The California law is based largely on proposed Federal tax legislation but with a number of unique and highly controversial differences, which are described below. The law applies generally to California taxpayers, as well as to any tax shelter organized in California, doing business in California, deriving income from California, or if at least one of the investors is a California taxpayer. The law generally applies to any penalty assessed on or after January 1, 2004 for any open tax year. Because the new law is both broad in scope and retroactive in effect, it is sure to face challenge in the courts.
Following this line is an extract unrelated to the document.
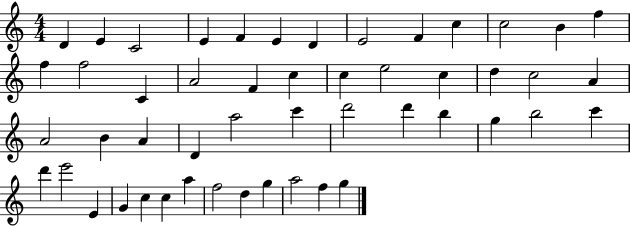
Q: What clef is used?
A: treble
The most significant provisions of the California anti-tax shelter law are:

Increased Penalties. A significant increase in penalties for “reportable transactions” entered into on or after January 1, 2003 and transactions entered into after February 28, 2000 and before January 1, 2004, where the transaction becomes “listed” at any time. Note the retroactive effect of the penalty provisions, which is different from the proposed Federal legislation providing for increased penalties but only for transactions entered into on a prospective basis.

Statute of Limitations. A doubling of the statute of limitations for “abusive” transactions from four years to eight years for tax returns filed after January 1, 2000 (i.e., 1999 tax returns and later).

Amnesty Program. California is offering a brief amnesty program, known as the Voluntary Compliance Initiative (the “VCI”), which allows eligible taxpayers to avoid all of the substantially increased penalties if, between January 1, 2004 and April 15, 2004, they (i) disclose abusive tax avoidance transactions for taxable years before 2003, (ii) waive any appeal, and (iii) pay the tax and interest due. Taxpayers are also given the option to participate in the VCI, reserving their right to appeal the tax consequences. Under this modified program, all penalties, with the exception of the accuracy-related penalty as in effect before this enactment, are waived. The VCI is similar to a Federal disclosure initiative that expired in April, 2002. The Federal program, however, was more liberal than the California program. Although the Federal initiative was availed of by a relatively small number of taxpayers (under 1,700), the Internal Revenue Service (the “IRS”) has proclaimed it a success in exposing the names of previously unknown tax shelter promoters and abusive transactions. According to the FTB, as of January 7, 2004, the VCI program has already generated more than $30 million. The VCI program will probably be most attractive to taxpayers who participated in listed transactions.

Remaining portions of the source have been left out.